The problem we kept seeing
Most educational content about hair texture either oversimplifies everything into three categories or drowns people in cosmetology jargon they don't need. We found that when you explain porosity, protein sensitivity, and moisture retention using actual examples, people can make informed product decisions themselves. The challenge was creating a structure where learners could get personalized feedback without sitting through irrelevant general information.
What we changed in approach
Instead of lecturing about universal hair care rules, we teach assessment techniques.
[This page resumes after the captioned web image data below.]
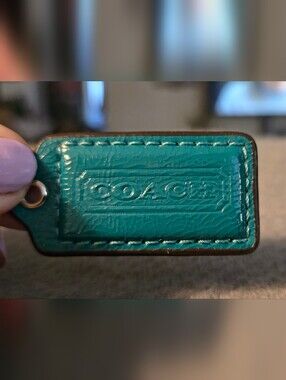 Coach Dark Teal Textured Patent Leather Rectangle Logo Tag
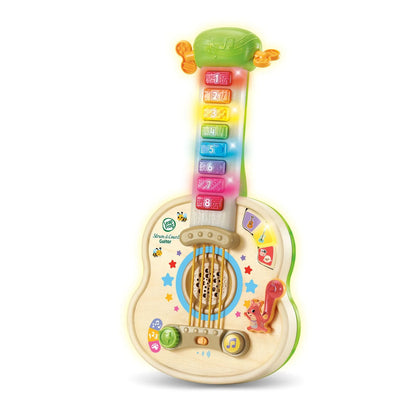 Wooden guitar toy with green neck, numbered bars, star decals, and music buttons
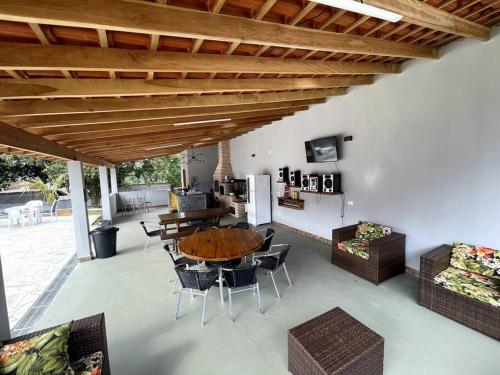 d'une terrasse avec une table et des chaises en bois. dans l'établissement Chácara piscinas incríveis, próximo a são paulo., à Mairinque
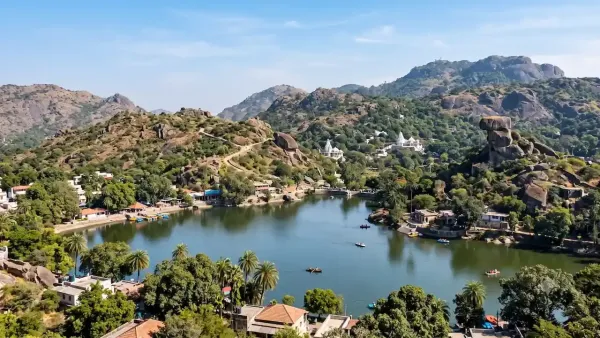Scenic view of Nakki Lake in Mount Abu surrounded by rocky hills green trees and famous Toad Rock.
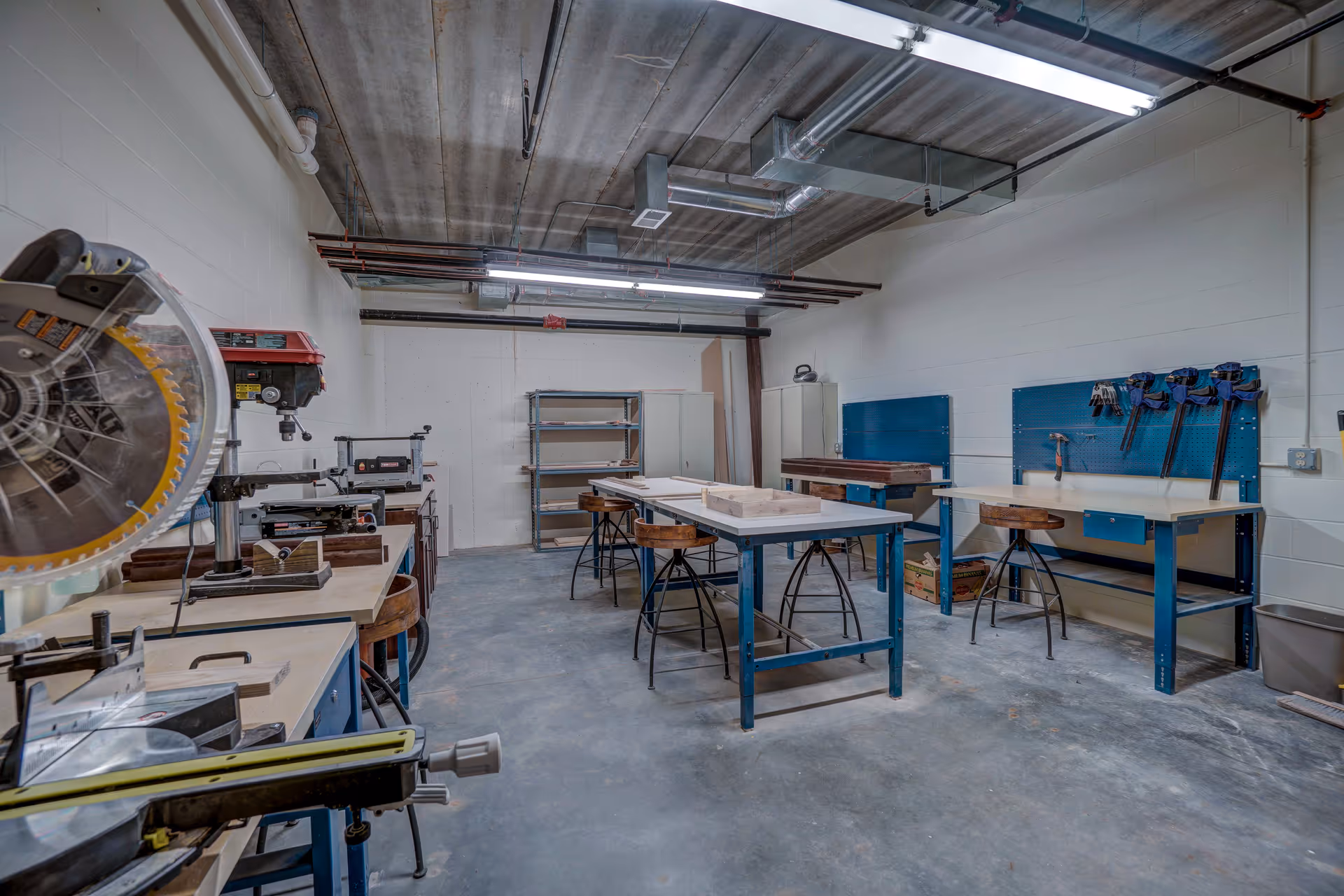 A workshop room with various woodworking tools and equipment including a miter saw, drill press, workbenches, stools, clamps, and storage shelves. The room has concrete floors, white painted walls, and an exposed ceiling with fluorescent lighting.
Students learn to evaluate density, diameter, elasticity, and curl pattern on their own hair. Group sessions cover the chemistry basics that apply to everyone—how humectants work, why sulfates strip oils, what silicones actually do. Individual consultations address specific challenges like heat damage recovery or transitioning from chemical treatments. This split between foundational knowledge and personalized application seems to work better than either approach alone.
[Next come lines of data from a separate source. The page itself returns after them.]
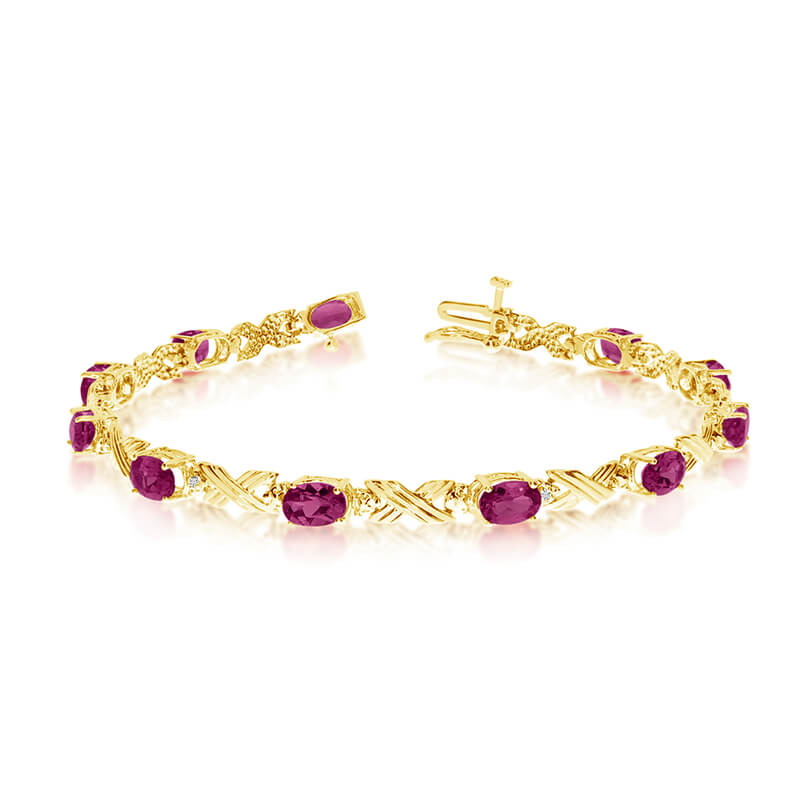 This 14k yellow gold oval ruby and diamond bracelet features eleven 6x4 mm stunning natural ruby ...
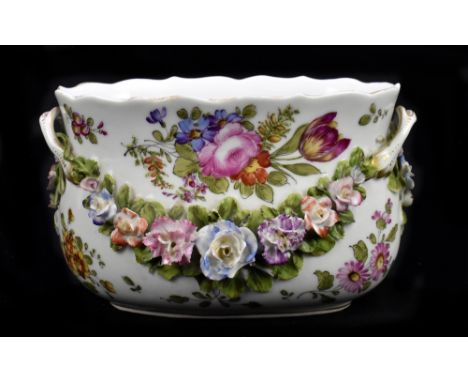 An early 20th century hand painted Continental porcelain planter of oval form, the floral decoration and applied floral encru
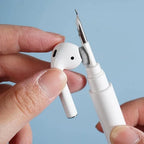 White pen with a small object resembling an airpuff device held by a hand against a light blue background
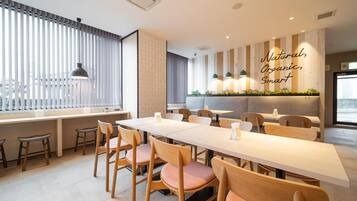 A modern dining area with a long table, wooden chairs, and a wall with a vertical garden.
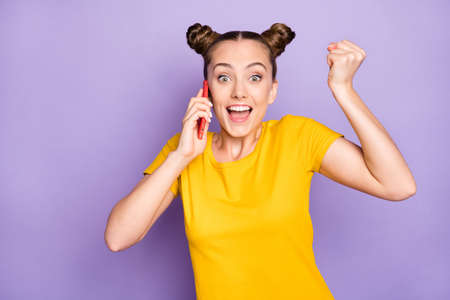 Great news. photo of pretty lady holding telephone speaking with partners excited with working achievement wear yellow t-shirt isolated on pastel purple background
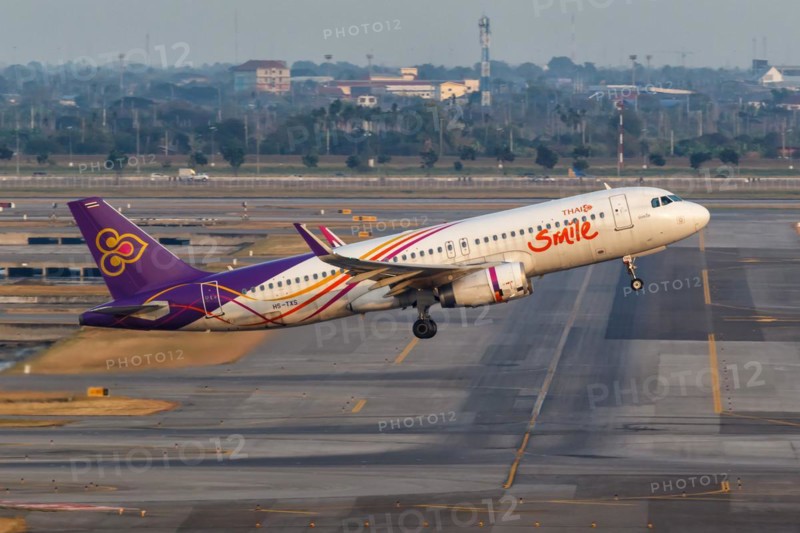 A Thai Smile Airbus A320 aircraft with registration HS-TXS at Bangkok Suvarnabhumi Airport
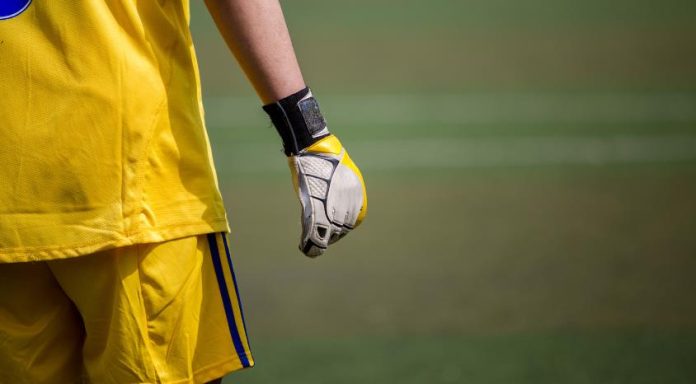 achieving defensive greatness with goalkeeper gloves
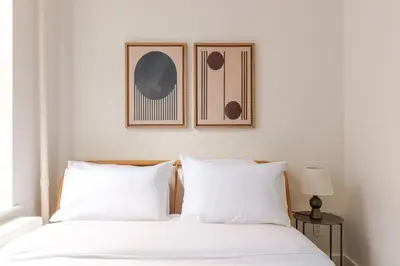 two beds in a bedroom with two pictures on the wall at Blueground Manhattan wd AC nr park NYC-1829 in New York
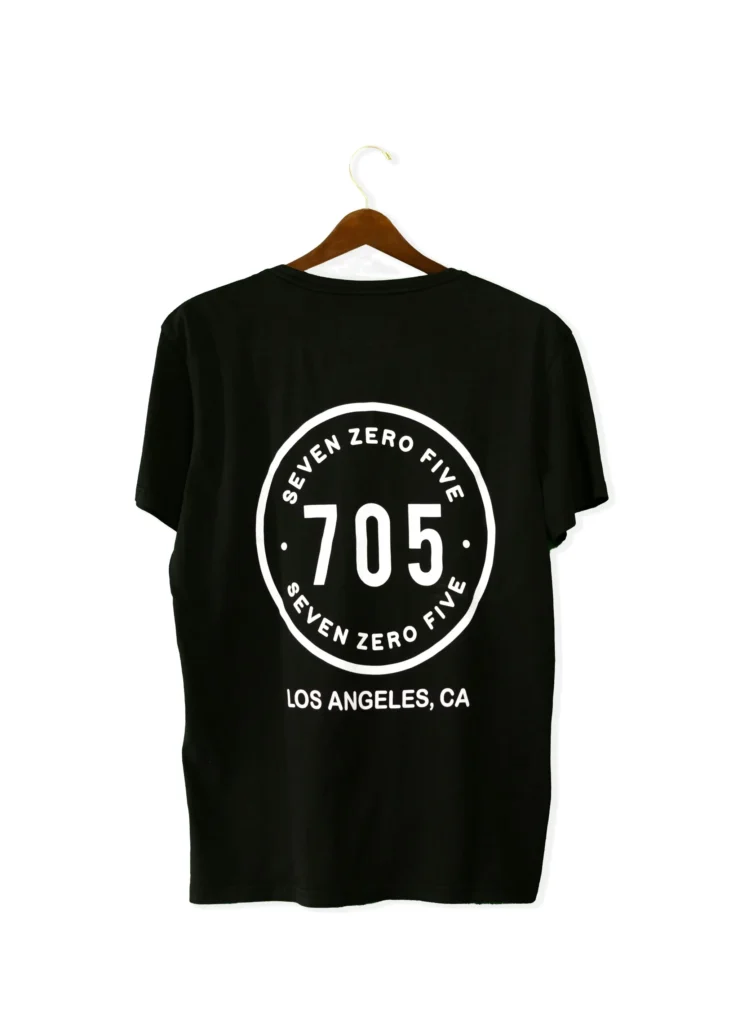 Black custom t-shirt with professionally printed text design on the front.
Results from real students
The clearest indicator that this works is when someone stops buying products that contradict their hair needs. We've had students realize they were using protein treatments on already-brittle hair, or avoiding oils when they needed moisture retention. Learning to read ingredient lists and understand formulation principles costs nothing after the initial education, which means people save money while getting better results. Several students from our 2019 cohorts now teach informal workshops in their own communities using the same assessment framework.